List of Nobel laureates affiliated with the City University of New York


The Nobel Prizes are awarded annually by the Royal Swedish Academy of Sciences, the Karolinska Institute, and the Norwegian Nobel Committee to individuals who make outstanding contributions in the fields of chemistry, physics, literature, peace, and physiology or medicine. They were established by the 1895 will of Alfred Nobel, which dictates that the awards should be administered by the Nobel Foundation. Another prize, the Nobel Memorial Prize in Economic Sciences, was established in 1968 by the Sveriges Riksbank, the central bank of Sweden, for contributors to the field of economics. Each prize is awarded by a separate committee; the Royal Swedish Academy of Sciences awards the Prizes in Physics, Chemistry, and Economics, the Karolinska Institute awards the Prize in Physiology or Medicine, and the Norwegian Nobel Committee awards the Prize in Peace. Each recipient receives a medal, a diploma and a cash prize that has varied throughout the years. In 1901, the winners of the first Nobel Prizes were given 150,782 SEK, which is equal to 7,731,004 SEK in December 2007. In 2008, the winners were awarded a prize amount of 10,000,000 SEK. The awards are presented in Stockholm in an annual ceremony on December 10, the anniversary of Nobel's death.

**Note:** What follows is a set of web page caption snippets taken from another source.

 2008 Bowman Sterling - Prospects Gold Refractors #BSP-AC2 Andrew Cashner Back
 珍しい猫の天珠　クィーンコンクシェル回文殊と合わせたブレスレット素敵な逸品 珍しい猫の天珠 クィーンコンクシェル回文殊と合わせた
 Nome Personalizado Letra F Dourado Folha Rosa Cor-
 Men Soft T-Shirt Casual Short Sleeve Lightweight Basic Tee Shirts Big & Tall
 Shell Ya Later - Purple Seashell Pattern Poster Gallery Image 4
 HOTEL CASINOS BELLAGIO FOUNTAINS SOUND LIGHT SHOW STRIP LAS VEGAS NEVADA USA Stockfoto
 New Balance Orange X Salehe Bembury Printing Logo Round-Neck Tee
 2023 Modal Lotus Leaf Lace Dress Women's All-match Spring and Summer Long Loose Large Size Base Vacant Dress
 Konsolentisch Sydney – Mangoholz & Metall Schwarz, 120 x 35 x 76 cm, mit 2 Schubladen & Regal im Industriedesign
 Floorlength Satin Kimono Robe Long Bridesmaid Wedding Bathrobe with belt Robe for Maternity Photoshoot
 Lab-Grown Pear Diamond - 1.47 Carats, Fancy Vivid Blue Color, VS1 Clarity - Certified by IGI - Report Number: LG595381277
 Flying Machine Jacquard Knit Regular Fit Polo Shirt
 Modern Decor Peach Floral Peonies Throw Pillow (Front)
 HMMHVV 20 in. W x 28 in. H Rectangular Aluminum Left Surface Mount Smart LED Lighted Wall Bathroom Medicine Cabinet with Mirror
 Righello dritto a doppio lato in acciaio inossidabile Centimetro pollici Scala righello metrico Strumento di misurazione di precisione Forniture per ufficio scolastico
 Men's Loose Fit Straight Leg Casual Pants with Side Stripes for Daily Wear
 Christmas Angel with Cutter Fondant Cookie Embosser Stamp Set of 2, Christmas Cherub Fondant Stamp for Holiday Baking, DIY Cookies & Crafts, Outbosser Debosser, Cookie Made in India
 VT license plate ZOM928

As of 2014, there have been 13 Nobel laureates affiliated with the City University of New York. CUNY considers any laureate who attended one of its senior colleges as an affiliated laureate. Arthur Kornberg, who graduated from the City College of New York, a senior college of CUNY, in 1937, was the first CUNY laureate, winning the Nobel Prize in Physiology or Medicine in 1959. Herbert A. Hauptman and Jerome Karle, both of whom graduated from the City College in 1937 with Kornberg, jointly won the Nobel Prize in Chemistry in 1985, the only CUNY laureates to do so. Six CUNY laureates have won the Nobel Prize in Physiology or Medicine, more than any other category. Ten of the CUNY laureates graduated from the City College; two laureates, Rosalyn Sussman Yalow and Gertrude B. Elion, graduated from Hunter College, another CUNY senior college; and one laureate, Stanley Cohen, graduated from Brooklyn College, one of CUNY's senior colleges, in 1943.